In fact, no-one knows. No reliable data has been available for comparisons with outcomes in the rest of the UK, meaning the claims of Mr Salmond, that the sick of Scotland have thrown away their crutches and can walk again, have so far gone unchallenged.
Until yesterday, at FMQs. Enter Johann Lamont, the Scottish Labour leader, armed with medical opinion, and a disconcerting bedside manner. Was Mr Salmond aware, she wondered, that the Royal College of Nursing had concluded there are “not enough nurses to provide basic, safe care”? Or that Audit Scotland and the Centre for Public Policy in the Regions said Scotland is lagging behind England in resourcing the NHS?
Well if he was aware, the First Minister wasn’t letting on. Instead he rambled on like a patient still woozy with anaesthetic. He did come up with a statistic of his own: for every eight nurses in Scotland, there are 5.3 in England (that O.3 of a nurse works in the urinogenitary clinic in Cockfosters, apparently). But aside from this, his random targets appeared to be with the Welsh Labour Party (offered no right of reply) and the Shadow Health Secretary.

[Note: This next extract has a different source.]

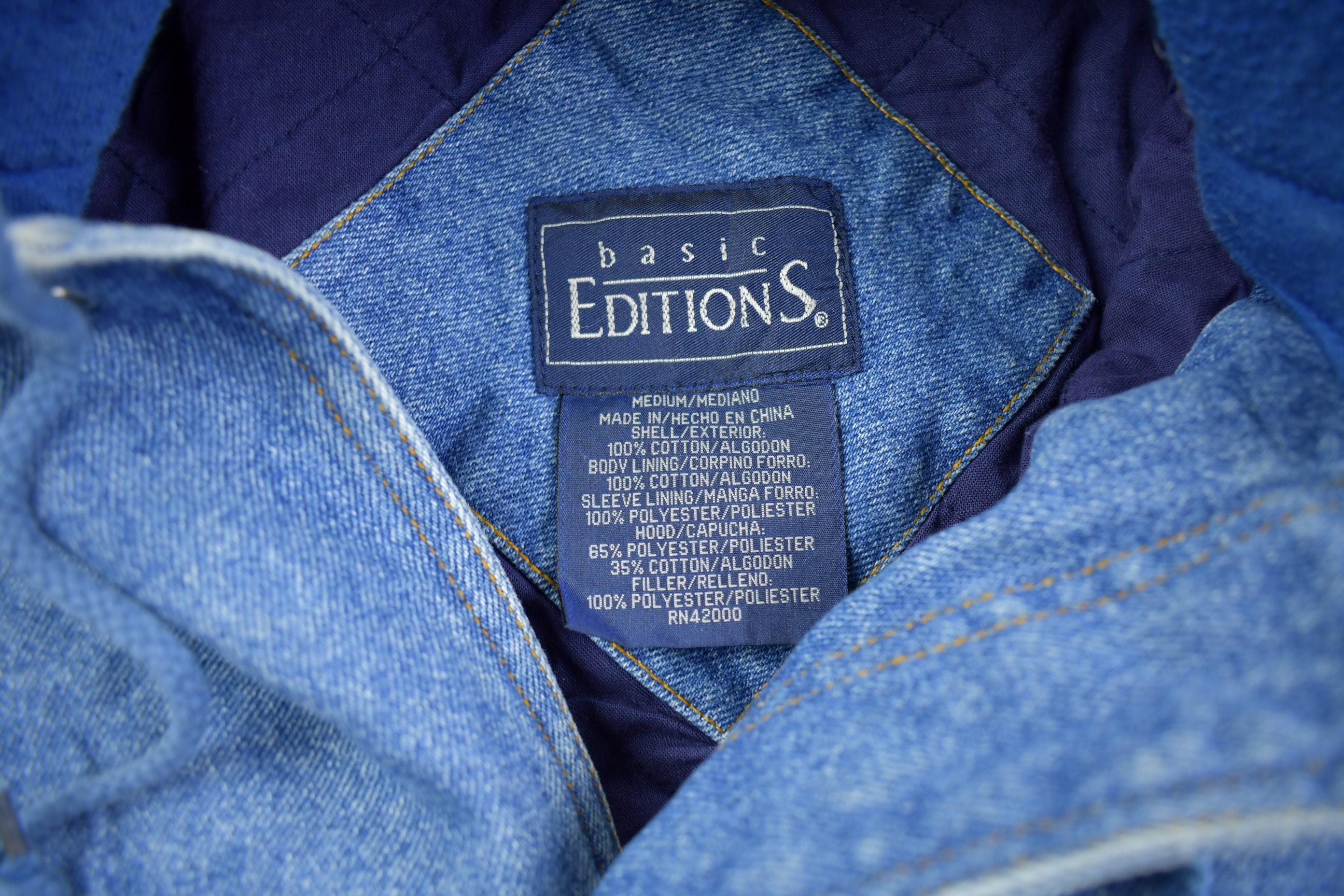 Vintage 1990s Basic Editions Hooded Jean Jacket Made in USA - Etsy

The latter is, of course, Jackie Baillie, such a substantial figure that she played a very large part in proceedings without actually asking a question. It was Ms Baillie who earlier this week had drawn attention to a supposed shortage of bed covers in the Greater Glasgow Health Board, an assertion that drew a blanket condemnation from Mr Salmond.
Gradually it became clear that the FM had a health issue of his own, a kind of weird, intermittent hearing loss in the presence of Conservatives. When Ruth Davidson, the Scottish Tory leader asked why Mr Salmond spent £130million on free prescriptions, when most people were prepared to pay for their medicines, he obviously didn’t hear at all, because he didn't answer.
Then Mr Salmond launched a paean to “the lost leader”, Murdo Fraser, whom he mistakenly thought had spoken, before hearing just one word in two whole questions from John Lamont. That word was “separation” a term that made the FM's eyes bulge. "Separation? Separation? I look forward to the United States of America celebrating their Separation Day,” frothed Mr Salmond. Nurse, the screens!